Bir de ömrü boyunca kıvama eremeyenler var. Bir türlü dem tutmayanlar. Bir kısmı sesinin güzel olduğunu da zannediyor. Kaderleri hep bir vasatta kalmak. Dibe vurmadıkları gibi şair olup yüceye de uçamıyorlar. Öykücü olup yavaş yavaş ilmek ilmek öremiyorlar kozalarını ipeklerini çıkaramıyorlar. Ömürleri tırtıl. Böyleleri sayılmazlar parmak ile ama kırılırlar hayat ile.

Sesin kalınlaşması, tizleşmesi, incelmesi yani kıvamının kazanıldıktan sonra yitirilmesi yani deminin acıması ile de çok karşılaşılabilir. Sesini sözünü yenileyemeyenlerde, sözünün bittiğinin ayırdında olmayanlarda, ikindiye erip akşamın çok hızla geldiğini sanıp kendini tekrar edip edip kendinin parodisi ya da karikatürü olanlarda sıklıkla görülür.

Yeşildir demiştim Tolstoy için. Eksik söylemişim. Bir de kurşunisi var. Çocukken ilk okuduğumda fark ettiğim kurşuniliği idi.
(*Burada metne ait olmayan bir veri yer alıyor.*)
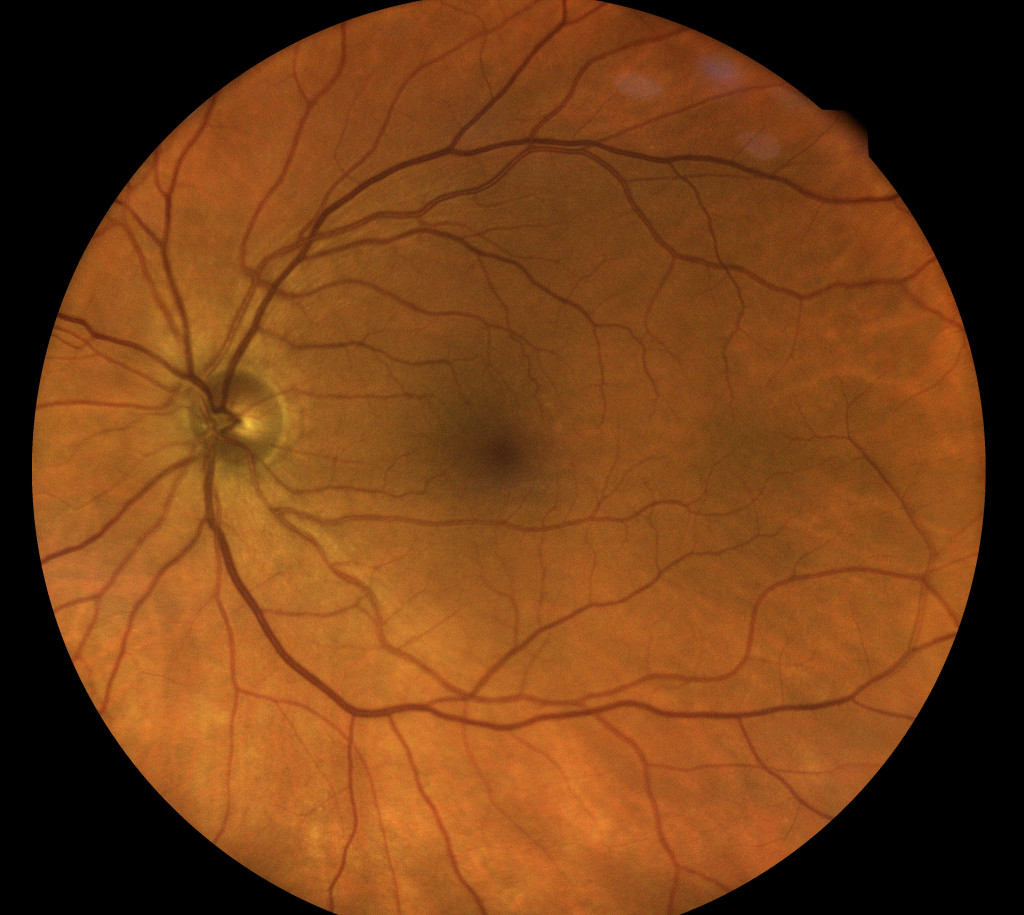 Retinal photo showing a normal optic nerve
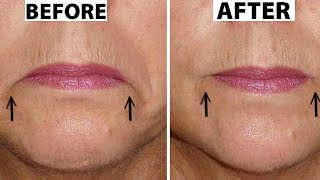 How To Reverse Frowning & Fix Your Smile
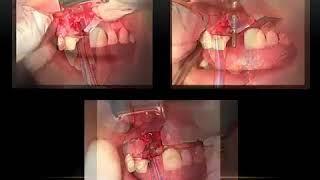 Dental Implants Case Study - MSDI implants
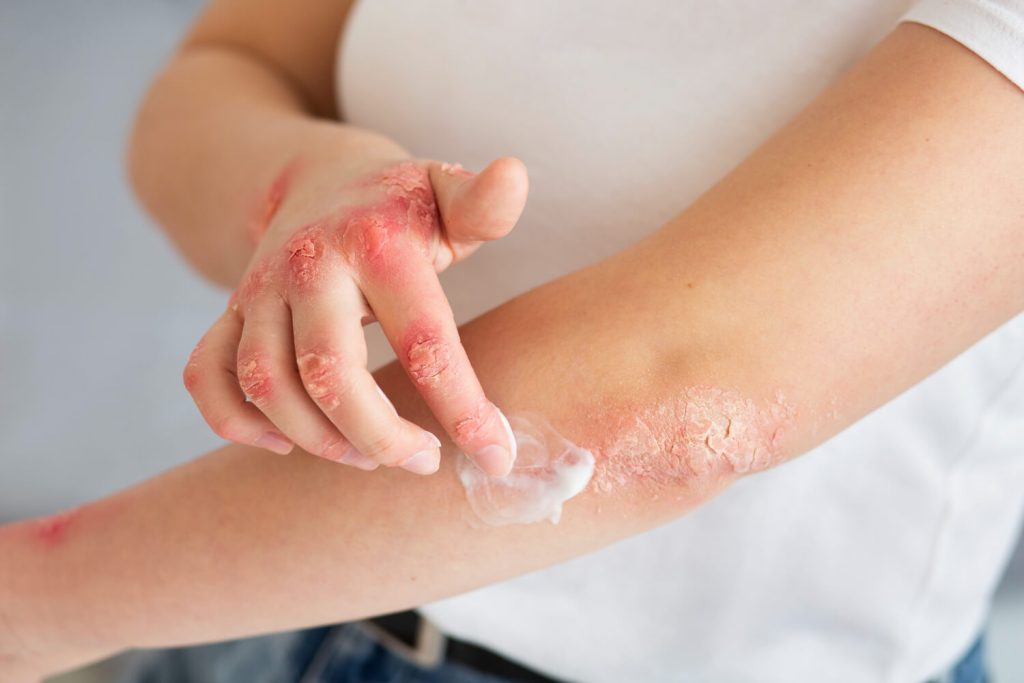 Descubra o Melhor Tratamento para Dermatite Atópica com a Dra. Natalia Estanislau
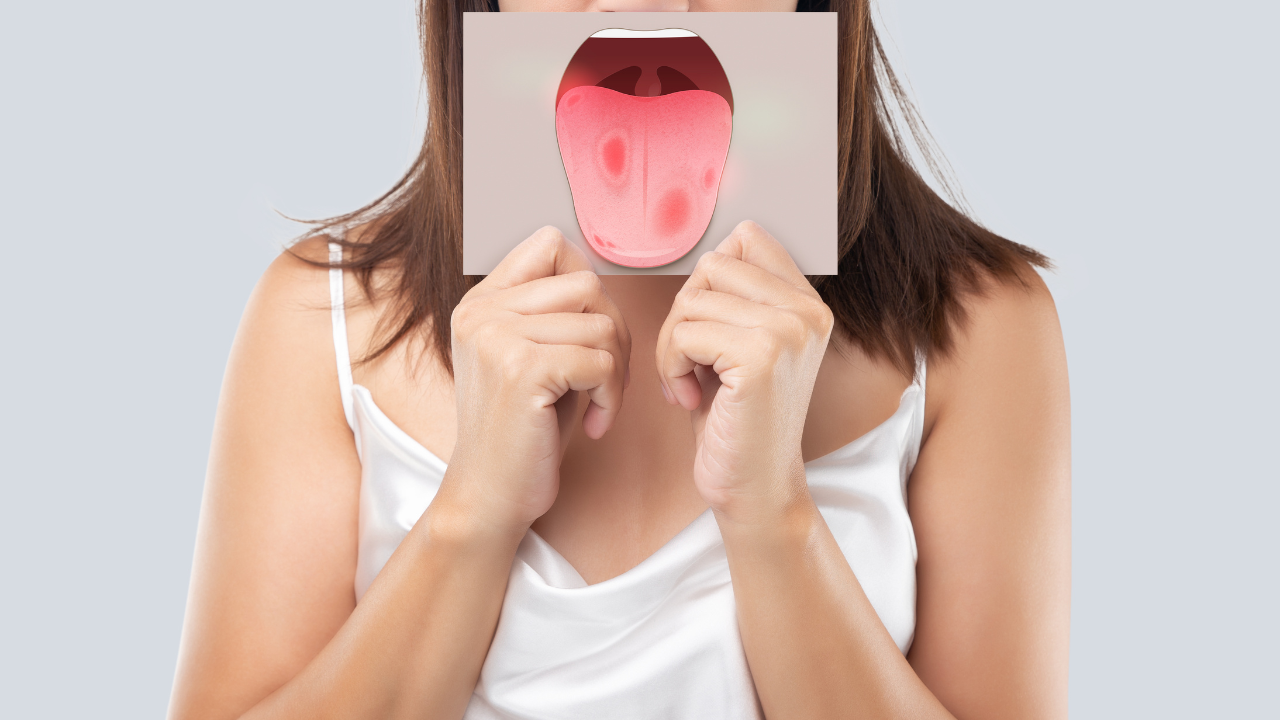 What your tongue colour may reveal about your health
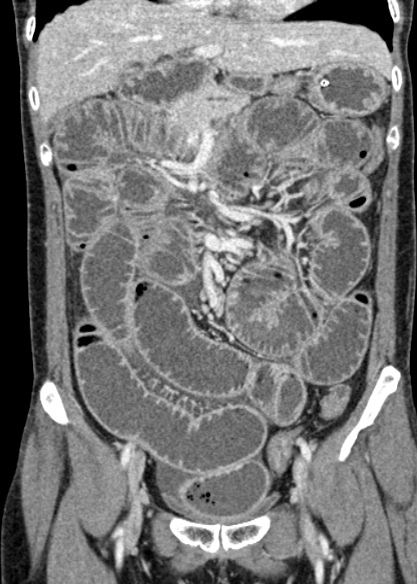 Adhesional small bowel obstruction (Radiopaedia 48397-53305 Coronal C+ portal venous phase 134).jpg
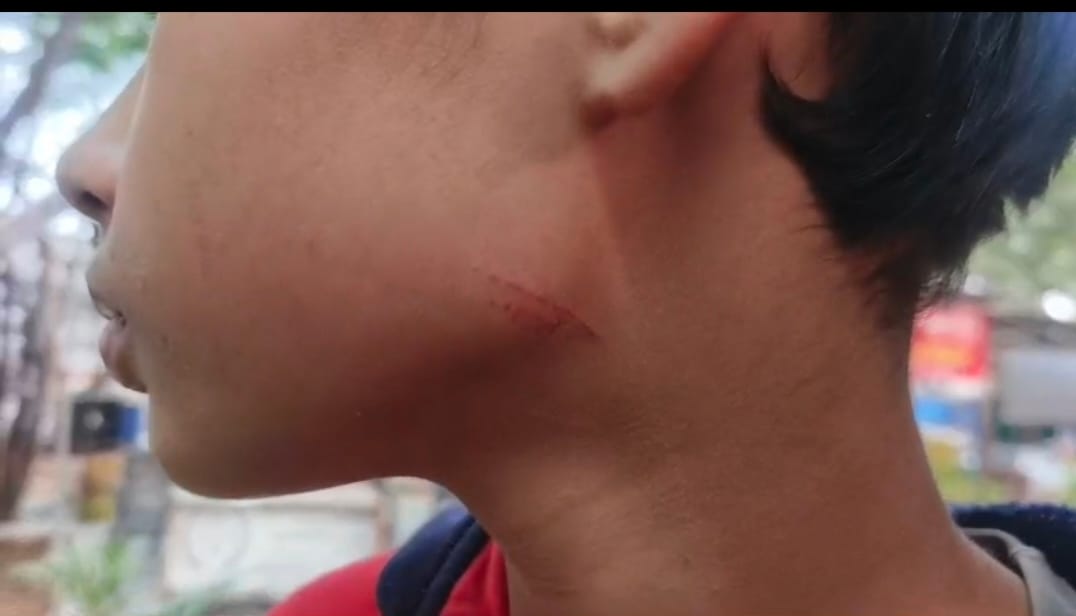 Teacher beats student with an iron scale for making noise in class, leaving marks on cheek and leg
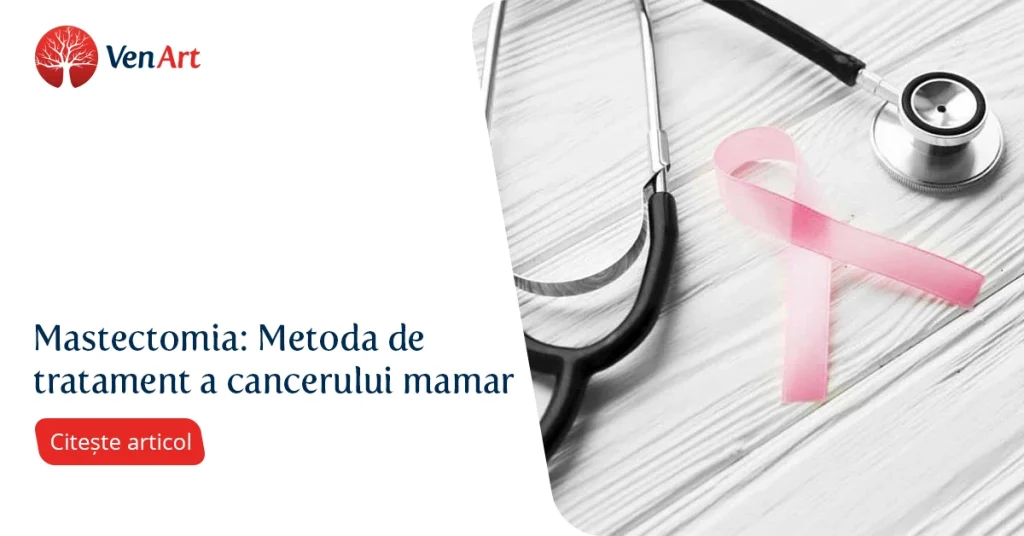 VenArt - Mastectomia - Metoda de tratament a cancerului mamar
Asla vazgeçmiyor. Soyluluğa, kadınlara ve kumara düşkünlüğü kurşuni bir sertlik içinde yaptıklarını asıl bedelini ödemesini engelliyor ya da ustaca kaçmasını sağlıyor. Her bir sözcüğü tartmadaki hassasiyeti ise varsa şapkanızı çıkarmanızı hak ediyor. Benim yok.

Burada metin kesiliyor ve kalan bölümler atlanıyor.